━━━━━ GIVEN DATA ━━━━━

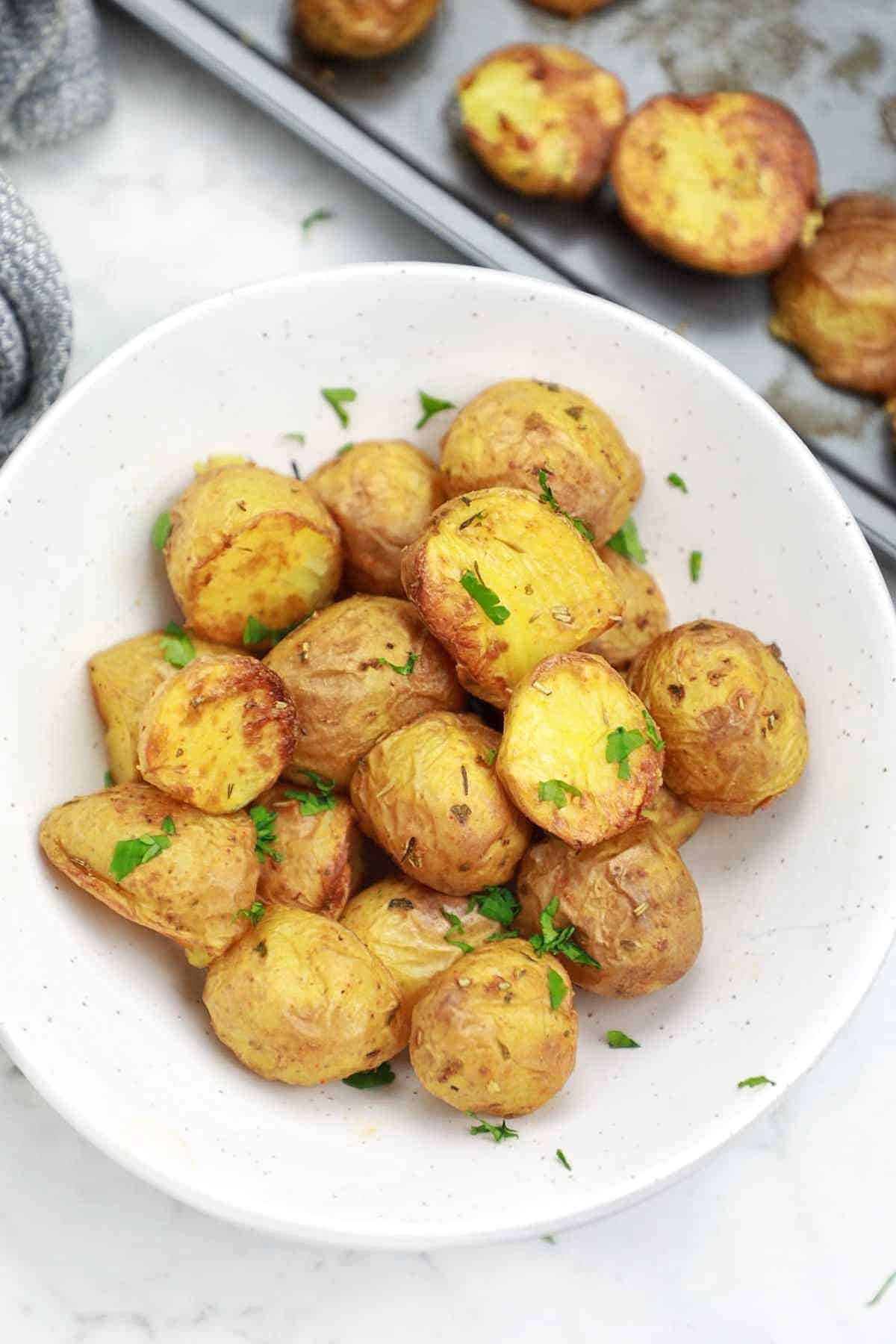 roasted baby potatoes served and garnished with parsley.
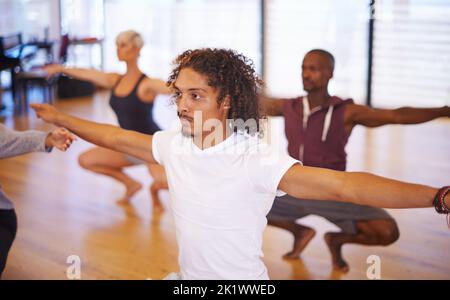 Fit und flexibel bleiben. Eine Gruppe junger Tänzer hockt in einem Tanzstudio. Stockfoto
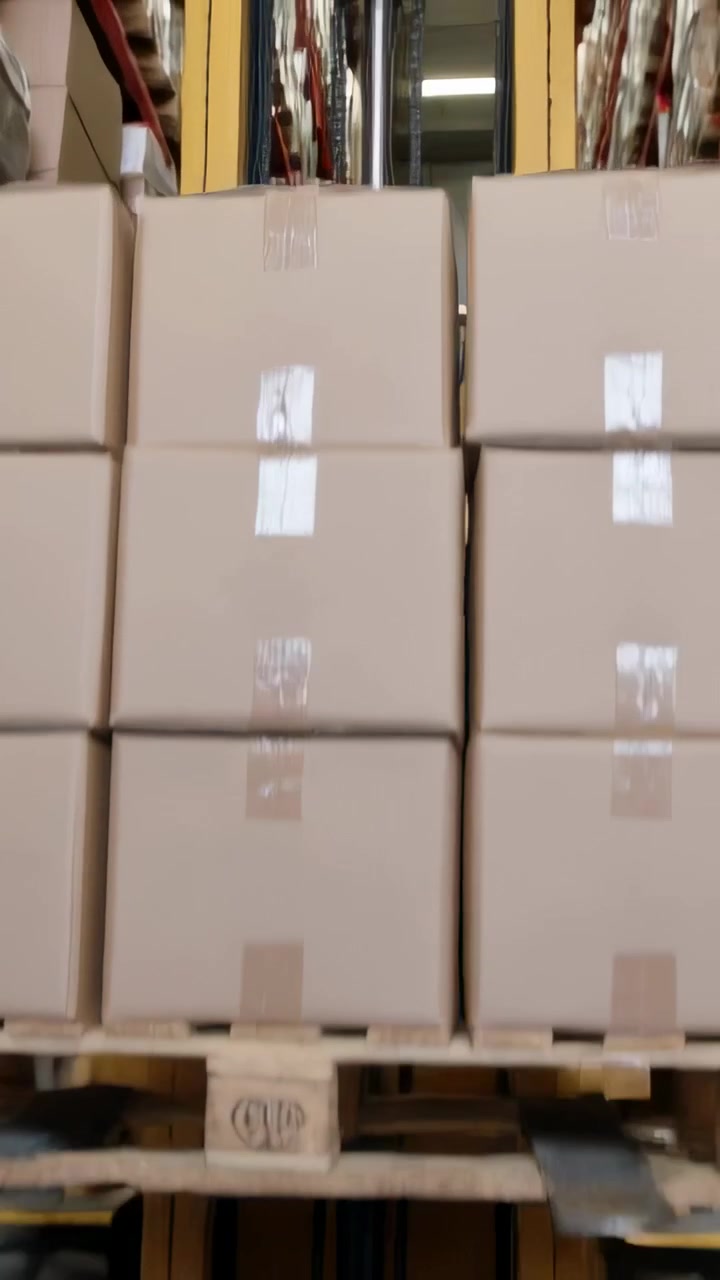 Vertical video: Driving forklift driver lifting pallet to rack in storage aisle, wearing vest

━━━━━

Exact reproduction is required for the lines from the one containing "Fit und flexibel" through the end of the material, and for those lines only, without pictures.

__SOLUTION TO THE EXERCISE__
 Fit und flexibel bleiben. Eine Gruppe junger Tänzer hockt in einem Tanzstudio. Stockfoto
 Vertical video: Driving forklift driver lifting pallet to rack in storage aisle, wearing vest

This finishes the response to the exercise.